Only one stretch of lines is wanted: the line with "Cryptobus_FM's tweet photo." through the final line of the material. Restate it word for word, minus pictures.

Data to process ▸
+ + + + + + +

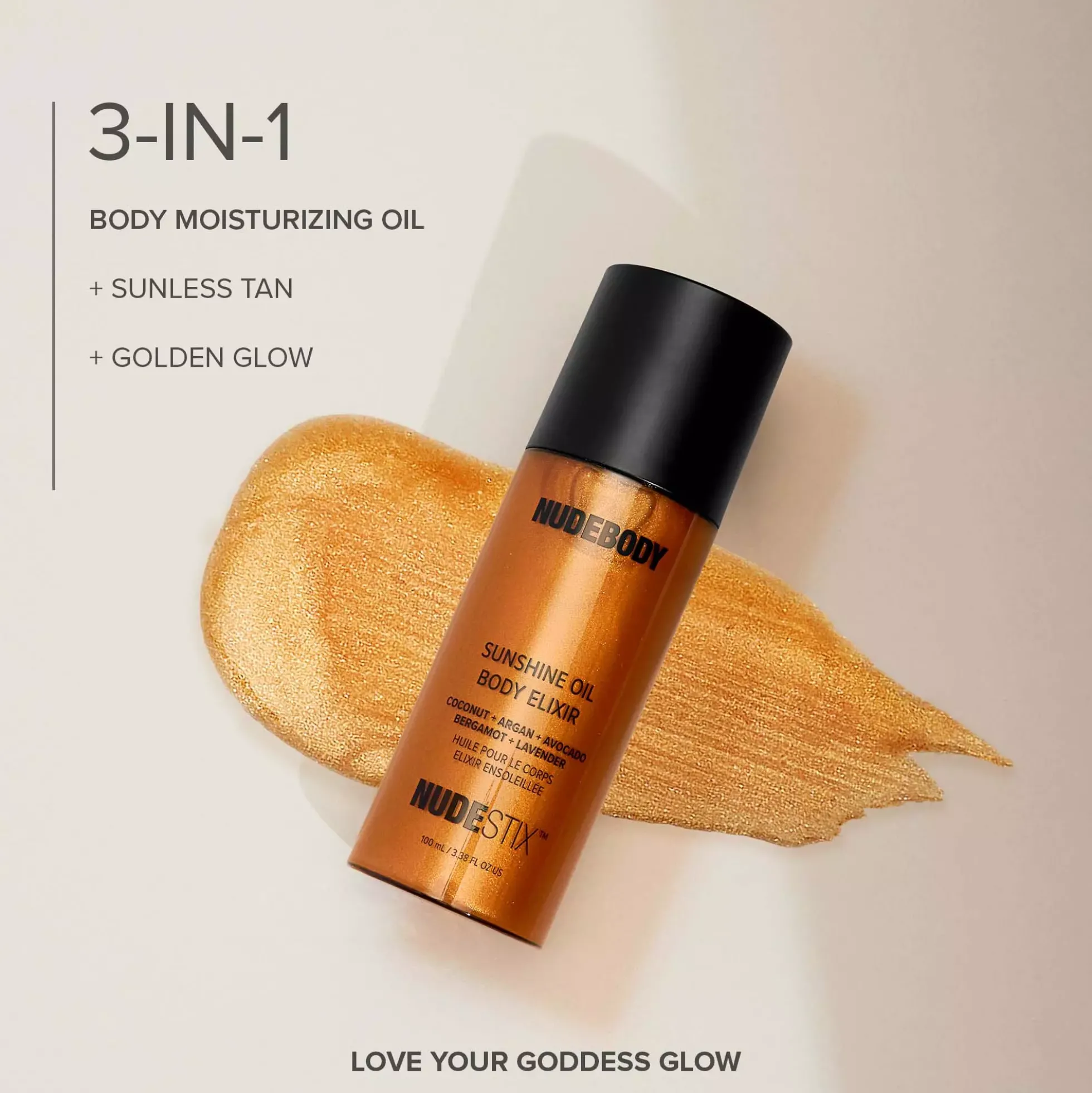 Nudestix Nudebody Sunshine Gold Body Elixir 100 ml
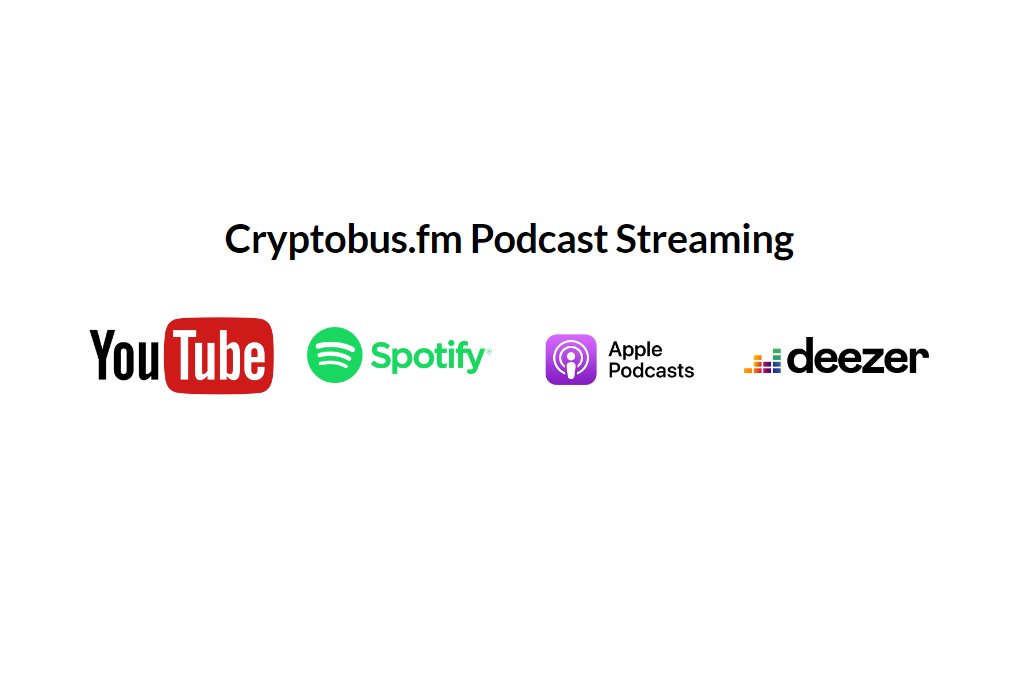 Cryptobus_FM's tweet photo. 🎙️Future streaming platforms
Spotify:
https://t.co/xqXe0iGHX0
Apple: https://t.co/WX0PCrk61G
Deezer: https://t.co/o9esAaIrBb
Youtube: https://t.co/ecL9eAKBRy
✅ Subscribe, thx
We always publish first on Youtube, then on the platforms from above. #cryptobus #podcast #streaming https://t.co/sLzzQpNoBk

+ + + + + + +

Exercise output ▸
 Cryptobus_FM's tweet photo. 🎙️Future streaming platforms
Spotify:
https://t.co/xqXe0iGHX0
Apple: https://t.co/WX0PCrk61G
Deezer: https://t.co/o9esAaIrBb
Youtube: https://t.co/ecL9eAKBRy
✅ Subscribe, thx
We always publish first on Youtube, then on the platforms from above. #cryptobus #podcast #streaming https://t.co/sLzzQpNoBk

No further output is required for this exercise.